**What this task involves:** Could you please repeat the entries below word for word, with the images left out?
[[ Task material, beginning ]]
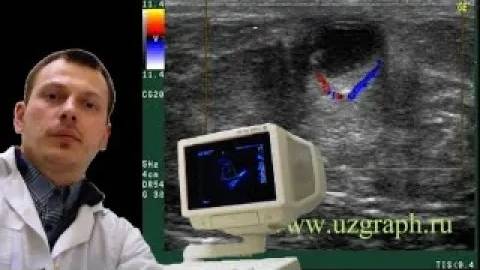 Детское УЗИ молочных желез - Киста с воспалением (подострый мастит) смотреть онлайн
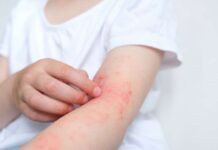 Vous n’allez pas en revenir : ces allergies improbables existent bel et bien Vous n’allez pas en revenir : ces allergies improbables existent bel et bien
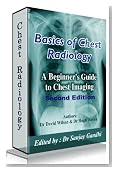 Basics of Chest Radiology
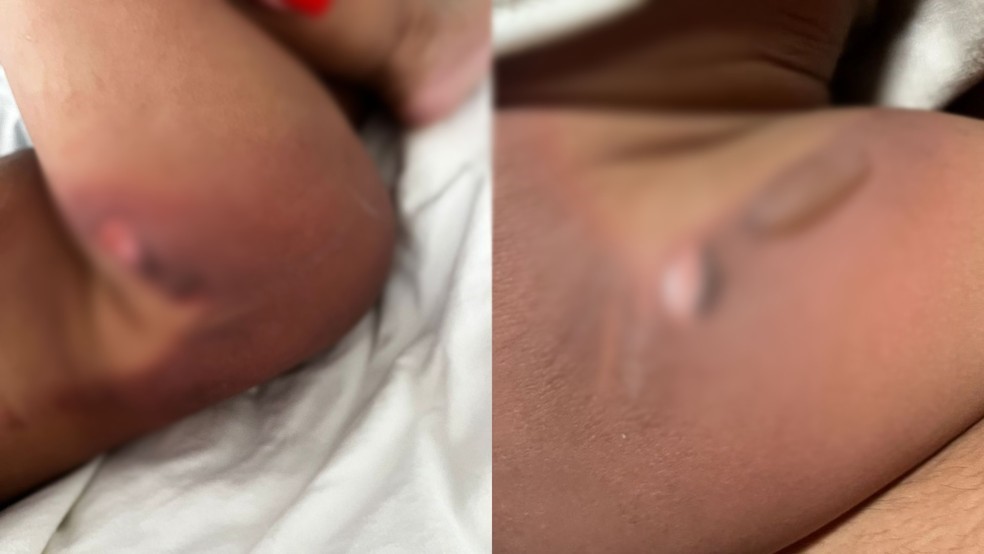 ​PAI RECLAMA DE DEMORA NO SOCORRO APÓS FILHO SOFRER QUEIMADURAS EM CRECHE DE JAÚ: "MEU FILHO FICOU SOFRENDO”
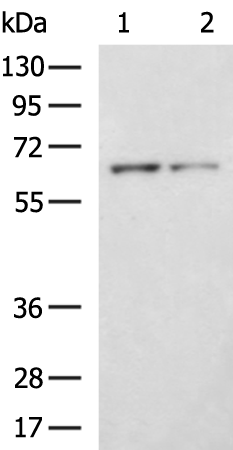 Rabbit Polyclonal Antibody to IVL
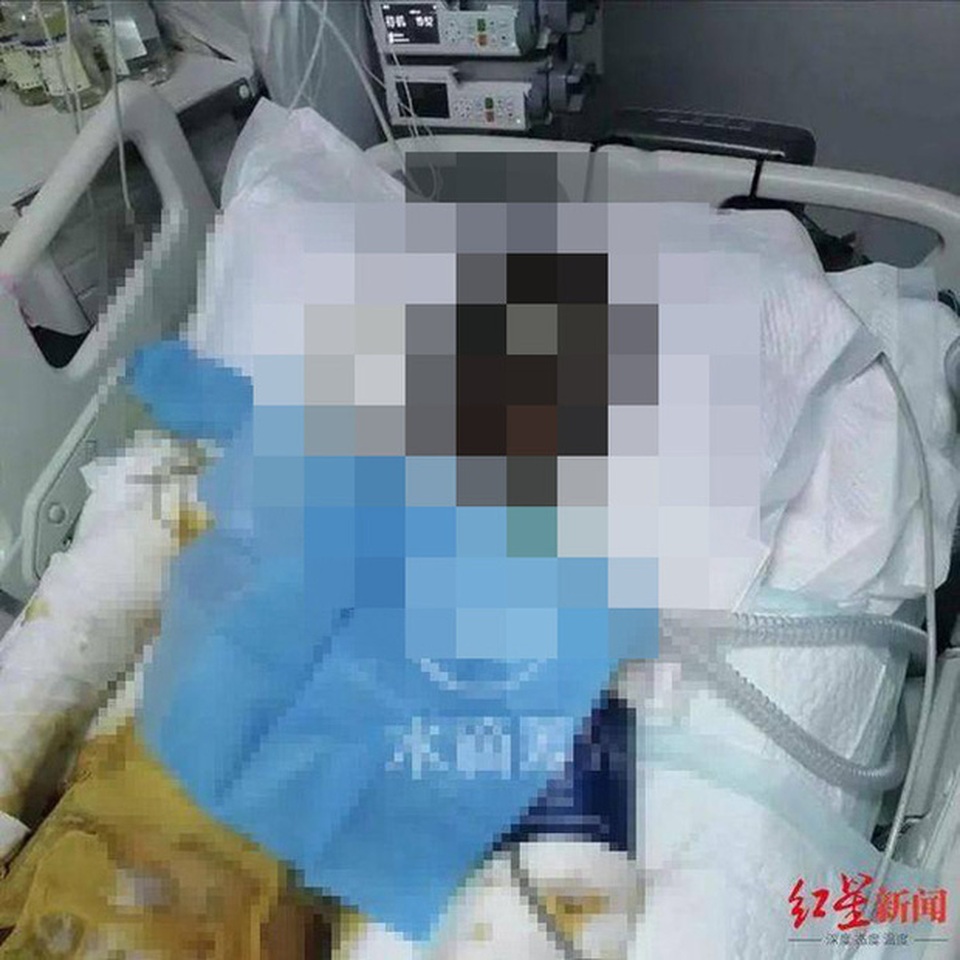 Nữ TikToker nổi tiếng bị chồng cũ thiêu sống khi đang livestream - 2 Nữ TikToker nổi tiếng bị chồng cũ thiêu sống khi đang livestream - 2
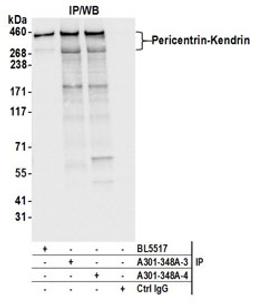 Detection of human Pericentrin-Kendrin by western blot of immunoprecipitates.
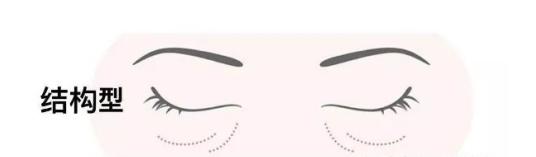 有黑眼圈怎么办如何去除黑眼圈,有黑眼圈该怎么办才能消除黑眼圈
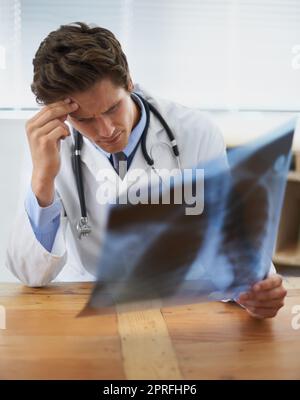 Questo sembra serio. un giovane medico che guarda interessato che esamina una radiografia toracica Foto Stock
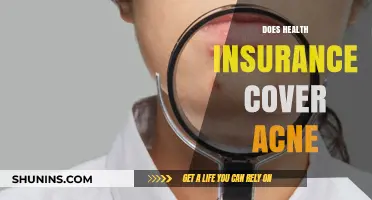 Does Health Insurance Cover Acne Treatment? What You Need to Know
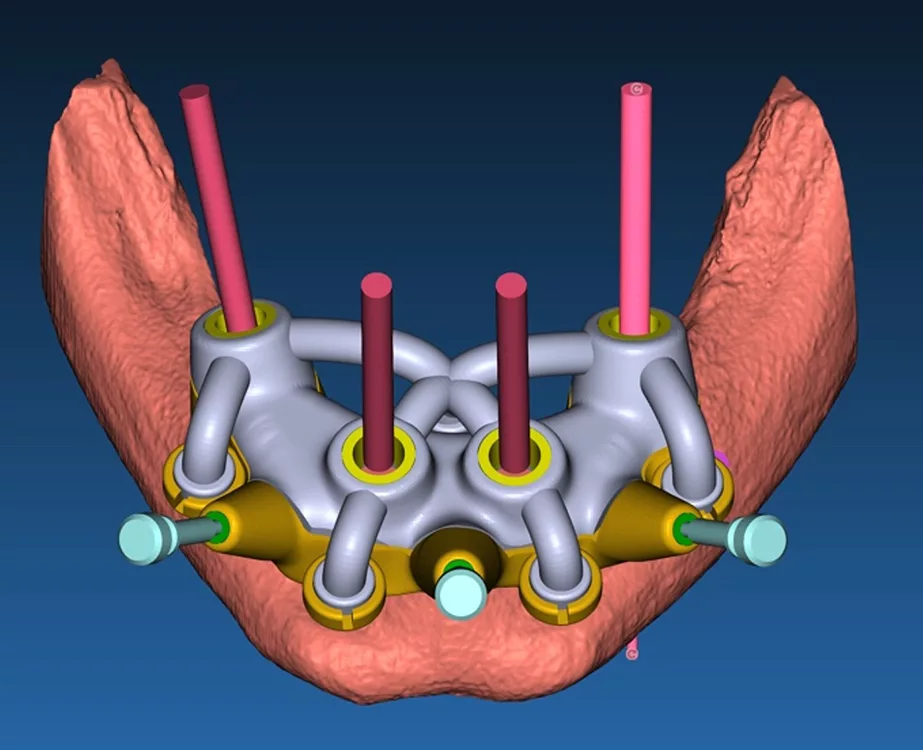 Abb. 2a: Erstellung der Implantationsschablone mit Führungshülsen und Fixierungspins, die über eine Steck-/Magnetverbindung an der Trägerschablone abgestützt ist (a). Durch die Volumenspaltung entsteht die Trägerschablone mit Resektionsprofil (b).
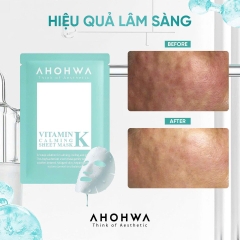 Mặt Nạ Phục Hồi Giảm Đỏ Ahohwa Vitamin K Calming Mask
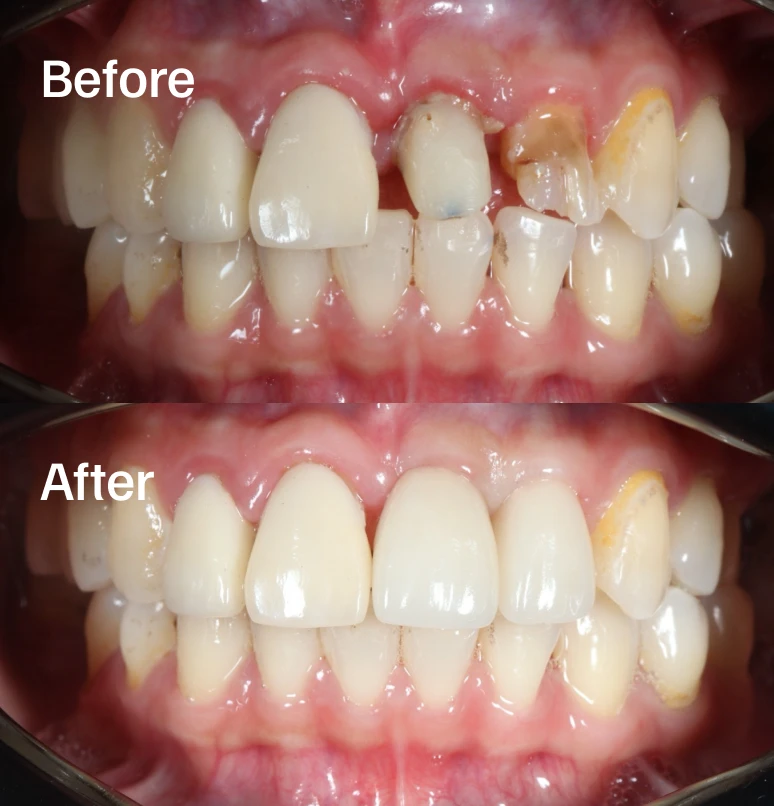 Custom-made crown for a flawless, natural-looking tooth.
[[ Task material, end ]]
**Exercise result:**
 Детское УЗИ молочных желез - Киста с воспалением (подострый мастит) смотреть онлайн
 Vous n’allez pas en revenir : ces allergies improbables existent bel et bien Vous n’allez pas en revenir : ces allergies improbables existent bel et bien
 Basics of Chest Radiology
 ​PAI RECLAMA DE DEMORA NO SOCORRO APÓS FILHO SOFRER QUEIMADURAS EM CRECHE DE JAÚ: "MEU FILHO FICOU SOFRENDO”
 Rabbit Polyclonal Antibody to IVL
 Nữ TikToker nổi tiếng bị chồng cũ thiêu sống khi đang livestream - 2 Nữ TikToker nổi tiếng bị chồng cũ thiêu sống khi đang livestream - 2
 Detection of human Pericentrin-Kendrin by western blot of immunoprecipitates.
 有黑眼圈怎么办如何去除黑眼圈,有黑眼圈该怎么办才能消除黑眼圈
 Questo sembra serio. un giovane medico che guarda interessato che esamina una radiografia toracica Foto Stock
 Does Health Insurance Cover Acne Treatment? What You Need to Know
 Abb. 2a: Erstellung der Implantationsschablone mit Führungshülsen und Fixierungspins, die über eine Steck-/Magnetverbindung an der Trägerschablone abgestützt ist (a). Durch die Volumenspaltung entsteht die Trägerschablone mit Resektionsprofil (b).
 Mặt Nạ Phục Hồi Giảm Đỏ Ahohwa Vitamin K Calming Mask
 Custom-made crown for a flawless, natural-looking tooth.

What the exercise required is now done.